IDAX.SPARK_SUBMIT - Launch a Spark application

Use this stored procedure to launch a Spark application, and to specify whether it is to run synchronously or asynchronously.

Authorization

The privileges held by the authorization ID of the statement must include the IDAX_USER role.

Syntax

IDAX.SPARK_SUBMIT(out submission_id varchar(1024), in parameters varchar(32672), in configuration varchar(32672) default null)

Parameter descriptions

submission_id

The submission ID of the Spark application that was started in the cluster.

The submission ID is required to retrieve the status of a Spark application or to cancel a Spark application.

Data type: VARCHAR(1024)

parameters

Mandatory.

The parameters can be passed in the format of a JavaScript Object Notation (JSON) array, or in pipe format as a pipe-separated list of key=value pairs.

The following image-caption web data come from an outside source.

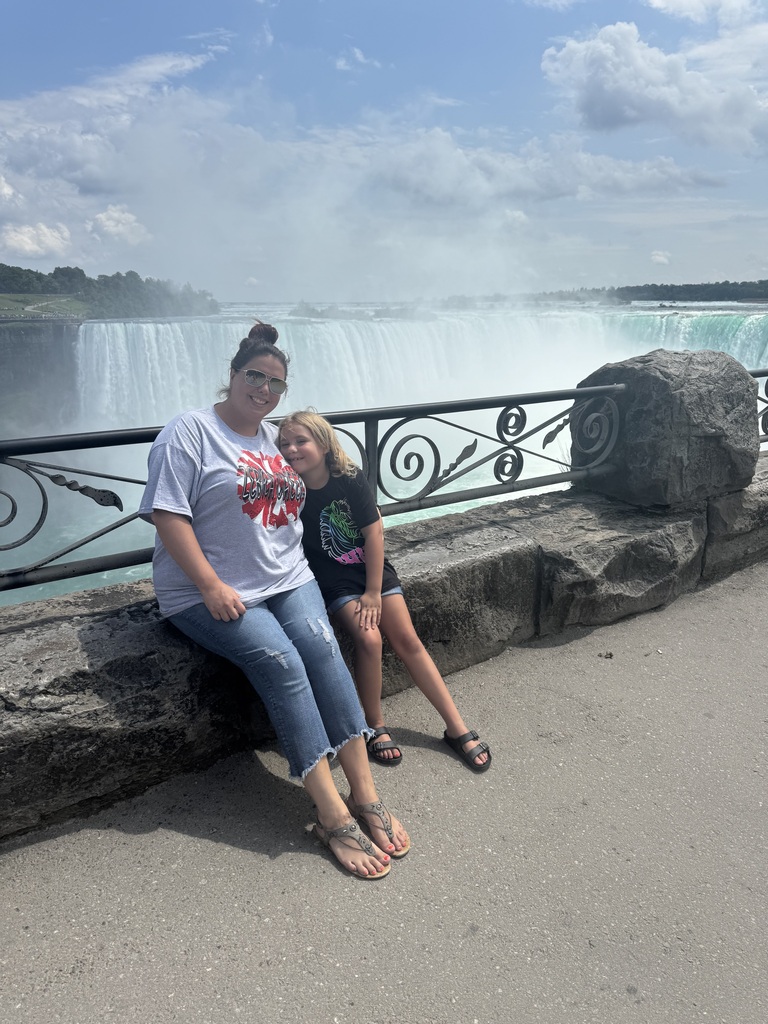Mom and daughter at Niagara Falls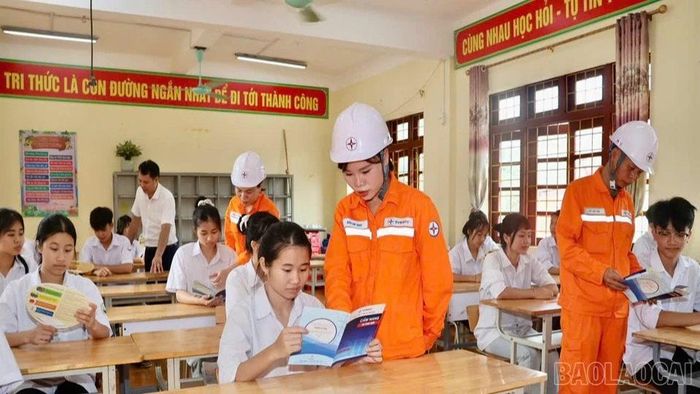 Nhân viên Điện lực Văn Bàn trực tiếp hướng dẫn kỹ năng nhận biết nguy cơ mất an toàn điện cho học sinh.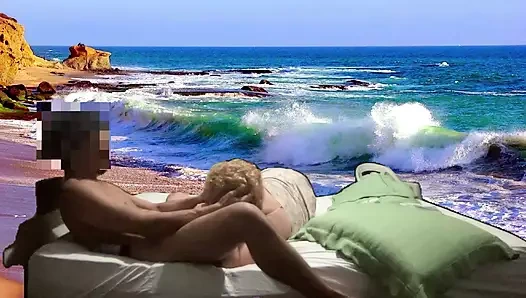 Gerçek çift birbirini emiyor, hafifçe boğuyor ve yüzüne tokat atıyor, azgın ateşli eş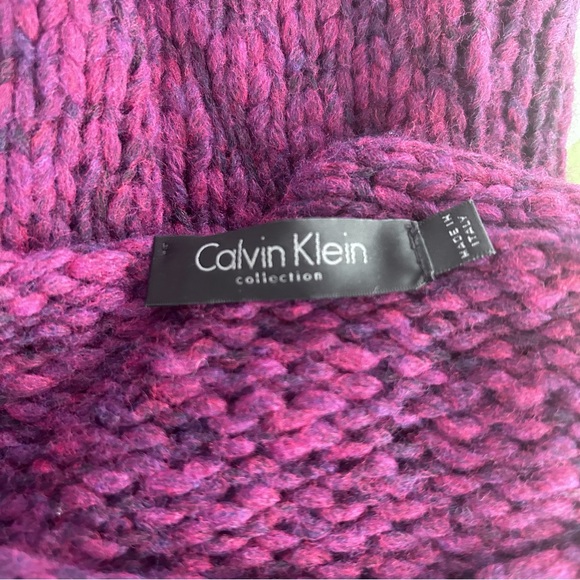 Calvin Klein Sweater Size Medium - Picture 5 of 5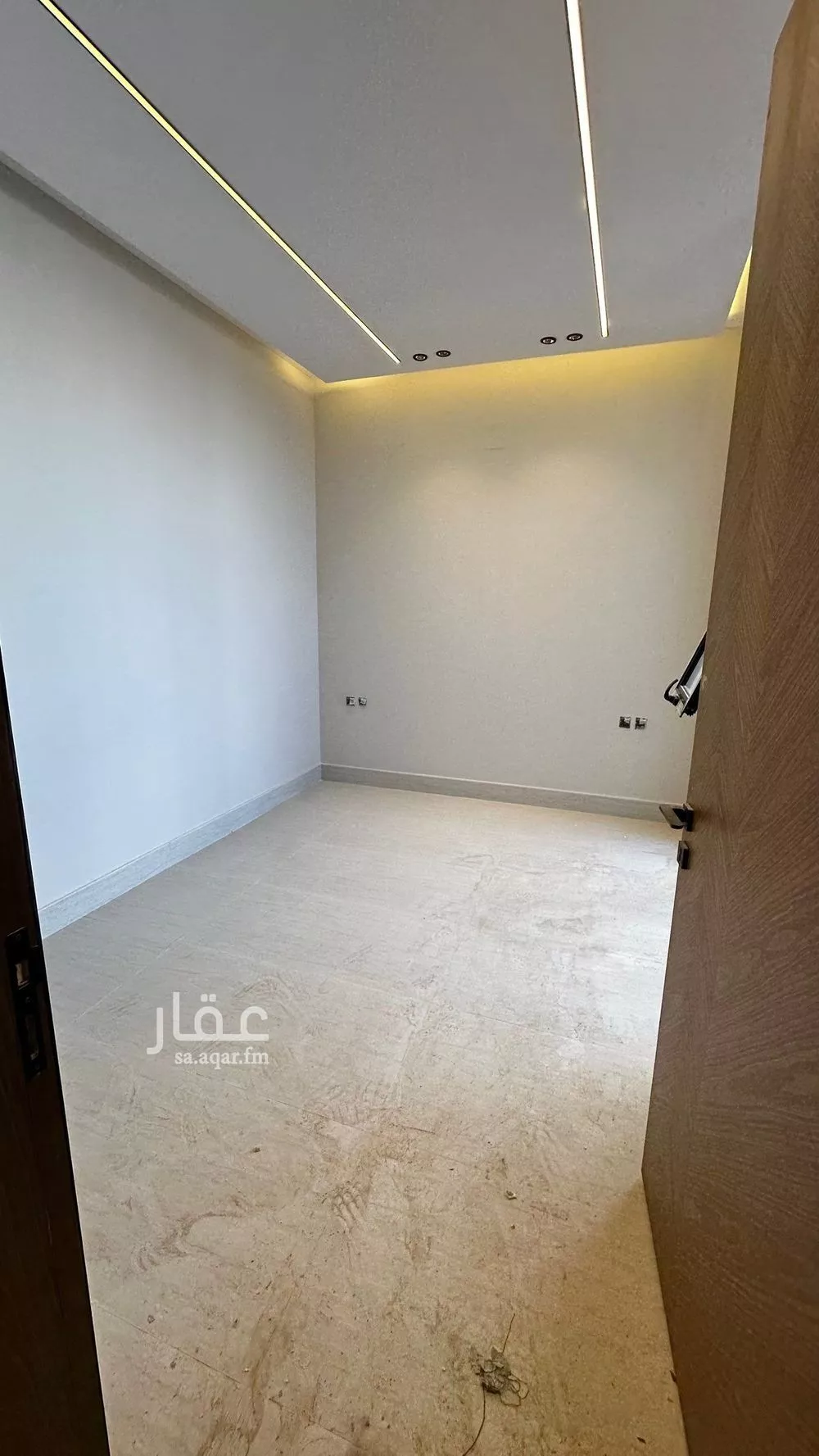 5 bedroom villa in Dhahrat Laban 14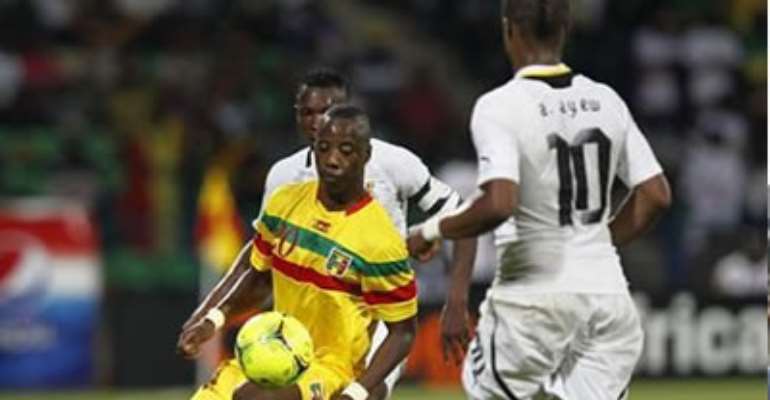 MALI'S SAMBA DIAKITE CHALLENGES GHANA'S DEDE AYEW (R) DURING THEIR AFRICAN NATIONS CUP GROUP D SOCCER MATCH IN FRANCEVILLE STADIUM JANUARY 28, 2012.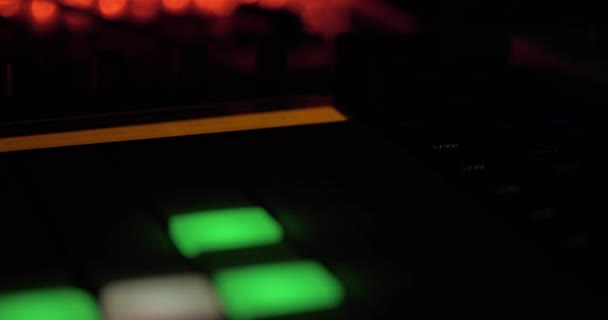 Sound Control Console Hudební Vybavení Hraju Syntezátory Detailní Záběr Koncert — Stock video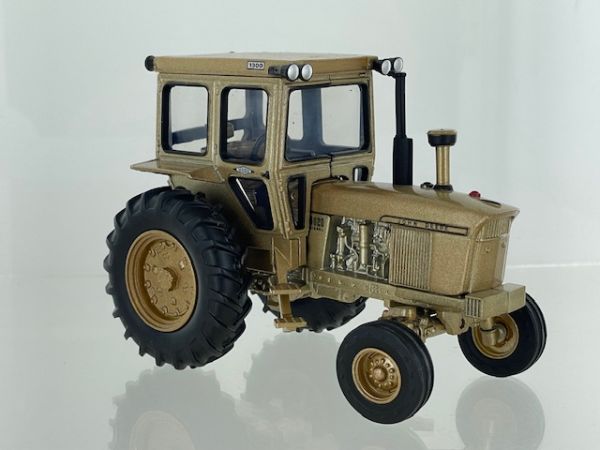 BRI43381GOLD - JOHN DEERE 4020 2wd con cabina Hiniker Gold - Edizione limitata a 250 pezzi. - 1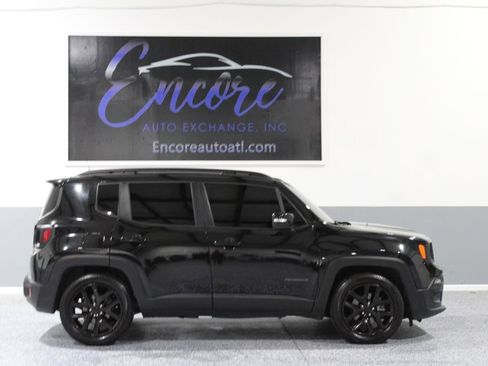 Used 2018 Jeep Renegade Altitude FWD image 2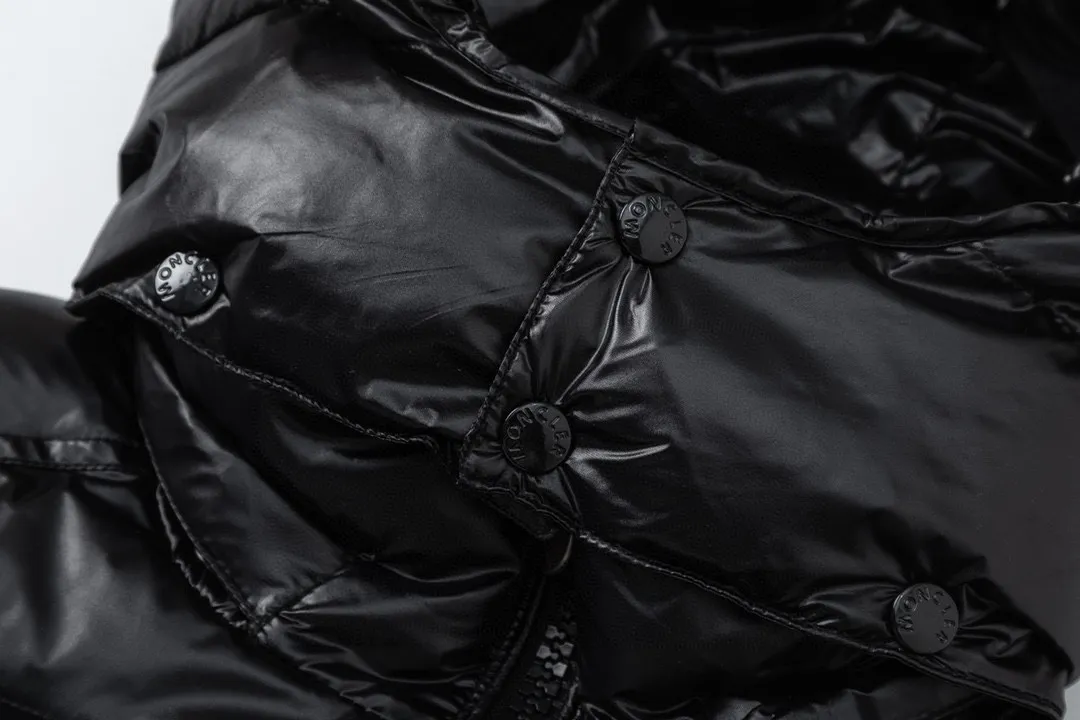 P690 with dust bag) MONCLER/Moncler #maya Maya Eason Chan Down Jacket Description: Influenced by the iconic outerwear of the 1980s, the Maya jacket revisits looks from the moncler archives with modern style and cutting-edge elements, which is the result of the brand's expertise in ski equipment. Both in terms of sport and style, this high-performance and positive-spirited jacket has all the elements that a competitive man needs to claim the title. Material process analysis: 1 Original NFC inductive anti-counterfeiting chip ② National standard 90% pure white goose down, lin exclusively uses top-grade down in the market, never fake goose down and a series of misunderstandings 3 Fabric: 100% nylon; Lining: 100% nylon, one of the best on the market, everything is customized according to the original version. The electroplated hardware produced by the original processing factory is all customized by the original factory, and is not a replica of various types on the market. ⑤Produced by a Mani factory, it has always been unambiguous in terms of quality. Everyone knows that the workers' craftsmanship, QA and QC quality inspection are not comparable to those of small factories in the market. Size: 1/2/3/4/5/6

If you use a JSON object, the keys that start with spark must be part of a child object that is called sparkProperties as shown in the Example section.

The following list shows the keys and values:

appResource=<JAR/py/R file name>

Optional.

The name of the JAR file, or py file, or R file that contains the Spark application code.

The name is relative to the $HOME/spark/apps directory of the user. You can upload the file to the server by using the IBM® Db2® Warehouse API endpoint /home.

For Scala or Java applications: If you want to omit the appResource value, the main class must be contained in another JAR file in the class path that is compiled by the Spark cluster manager, for example, in a JAR file that is specified through sparkJars.

This class path must contain all libraries that are required by the Spark application, and the main class must exist in one of the libraries in the class path.

The following libraries are included in the class path by the Spark cluster manager:

All libraries in the globallibs directory. The administrator can upload libraries to this directory by using the IBM Db2 Warehouse API endpoint /global.
All libraries in the spark/defaultlibs subdirectory of the home directory of the user.
All libraries that are specified by appResource and sparkJars that are located relatively to the $HOME/spark/apps directory.

mainClass=<full class name>

Mandatory.

The full name of the class that contains the main() function that invokes the spark application. The class must exist in the class path that is compiled by the Spark cluster manager.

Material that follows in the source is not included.